Giuseppe De Mita non smentisce l’immaginario collettivo, i politici, complice l’attività istituzionale che ricoprono, preferiscono seguire lo sport dal divano di casa e sono rari i momenti in cui possono ritagliarsi un po’ di tempo libero per la tradizionale partita a calcetto con gli amici. Ma l’ex vicepresidente della Regione ha piena consapevolezza dell’importanza che riveste lo sport per una realtà come la nostra e per questo, nella speranza di poter partecipare il più possibile ai prossimi campionati agonistici, augura all’A.S. Avellino e la Sidigas Scandone, di vivere una stagione da protagoniste.
On. De Mita, la riconquista della serie B nel calcio ha riacceso in molti la speranza di correre per la serie A, fa parte anche lei di questo gruppo di tifosi?
«L’auspicio è comune, quello di poter vedere di nuovo l’Avellino nella massima serie. Poter accarezzare nuovamente quel sogno costituirebbe senza dubbio una iniezione di fiducia per tutta la nostra comunità, ma l’obiettivo della serie A deve essere centrato in tempi rapidi. Il risultato al quale tendere e che darebbe, a mio avviso, garanzia di successo è quello della programmazione che eviterebbe l’altalena di stagioni esaltanti e momenti di crisi come pure ci sono stati in questi ultimi anni».
Lo Sport soprattutto quando arriva a importanti livelli può essere una grande risorsa per il territorio, un biglietto da visita in grado di attrarre turisti provenienti da ogni angolo del paese, bisogna però costruire un progetto. Lei che ha ricoperto il ruolo di Assessore al Turismo che ne pensa?
«Senza dubbio avere una squadra di calcio che gioca ai massimi livelli rappresenta un tassello significativo anche dal punto di vista economico, per l’indotto che crea. Ospitare i grandi club del calcio italiano significherebbe avere un ritorno in termini di immagine, tornare a far parlare della città nel circuito dei media nazionali e, quindi, poter contare anche sull’innesco di meccanismi che abbiano un rilievo economico. Nella mia esperienza da assessore regionale ho compreso come l’Irpinia abbia le carte in regola per uno sviluppo turistico, ma, al di là degli investimenti materiali che pure sono necessari, è importante riuscire a costruire un immaginario legato all’Irpinia e il calcio può essere un tassello importante in questo senso».
Accanto a ciò, però, bisogna investire in un sistema infrastrutturale che ad oggi va migliorato e qualificato. Qualche suo collega ha proposto di creare una rete sinergica tra pubblico e privato per promuovere una politica dell’accoglienza legata al turismo sportivo, è d’accordo?
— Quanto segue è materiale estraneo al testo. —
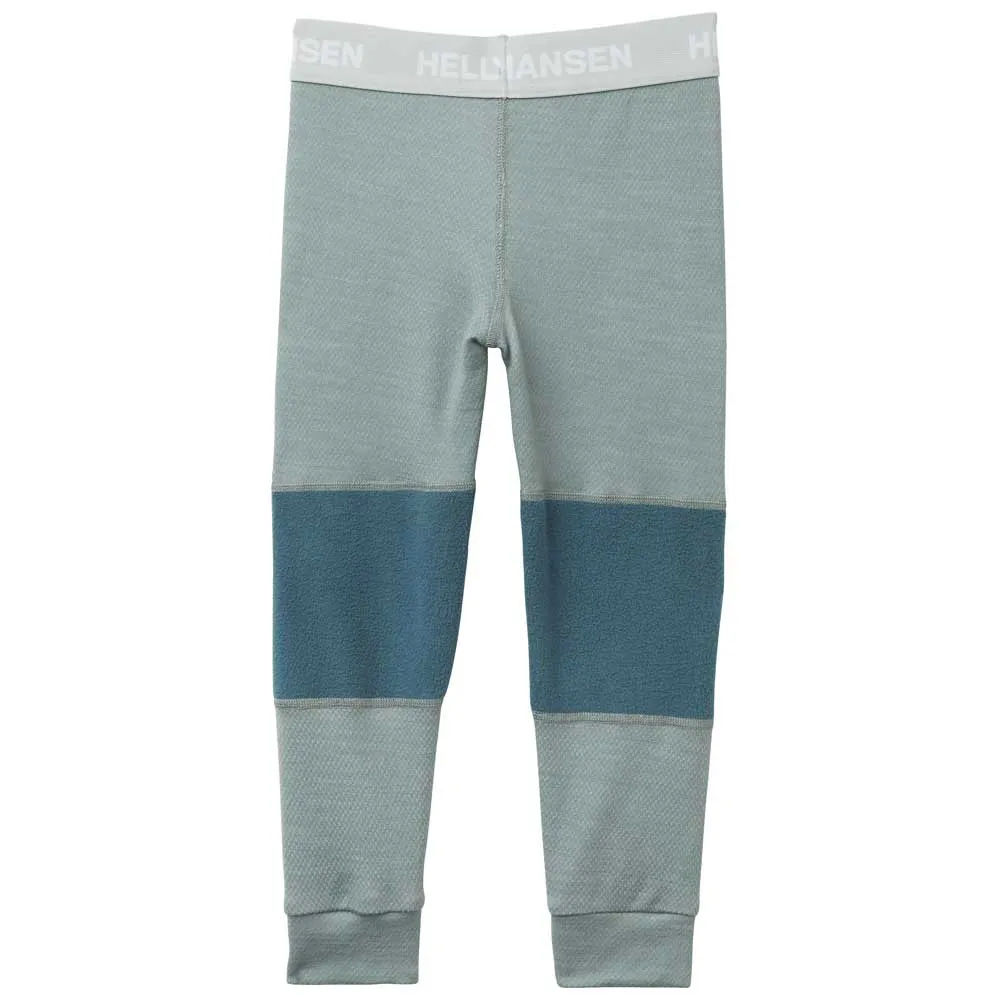 Купить Helly hansen 40526_462-98 Набор базовых слоев Lifa Merino Set Greedn Mist 60x40x40 3-4 Years 7ft.ru в интернет магазине Семь Футов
«L’infrastrutturazione di un territorio rappresenta uno strumento importante, ma solo se funzionale al disegno di sviluppo che ci si è posti come obiettivo. In ogni ambito, anche in quello turistico, la collaborazione tra pubblico e privato può essere il metodo che garantisca efficacia e porti a risultati significativi in termini di produttività. In Irpinia esistono numerose strutture che sono state riqualificate a fini turistici, ma che non sono mai entrate in una logica sistemica e produttiva proprio perché di proprietà pubblica. Creare le condizioni perché i privati possano investire e fare impresa rappresenta perciò, oggi, un obiettivo a cui chi amministra deve per forza di cose guardare».
Ha fatto discutere l’ordinanza “Stadio Sicuro” per combattere la violenza negli stadi, qualcuno l’ha giudicata una legge proibizionista. Crede che vada rivista?
«Lo sport deve fornire momenti di divertimento ed essere un’attività che amplifica il sano agonismo, la passione per i propri colori, l’entusiasmo dello stare insieme. Ogni provvedimento, quindi, che possa rafforzare la sicurezza di chi è fruitore di eventi sportivi credo che vada accolto con favore. Lo sport deve contribuire alla realizzazione di un progetto di vita e non essere considerato solo come evasione. In questo senso guardo con favore ad esperienze come quella che sta portando avanti Mario Dell’Anno, un progetto che coniuga passione per lo sport, attaccamento alle radici e partecipazione sociale e dove diventa possibile lavorare alla realizzazione di sé anche grazie e attraverso lo sport».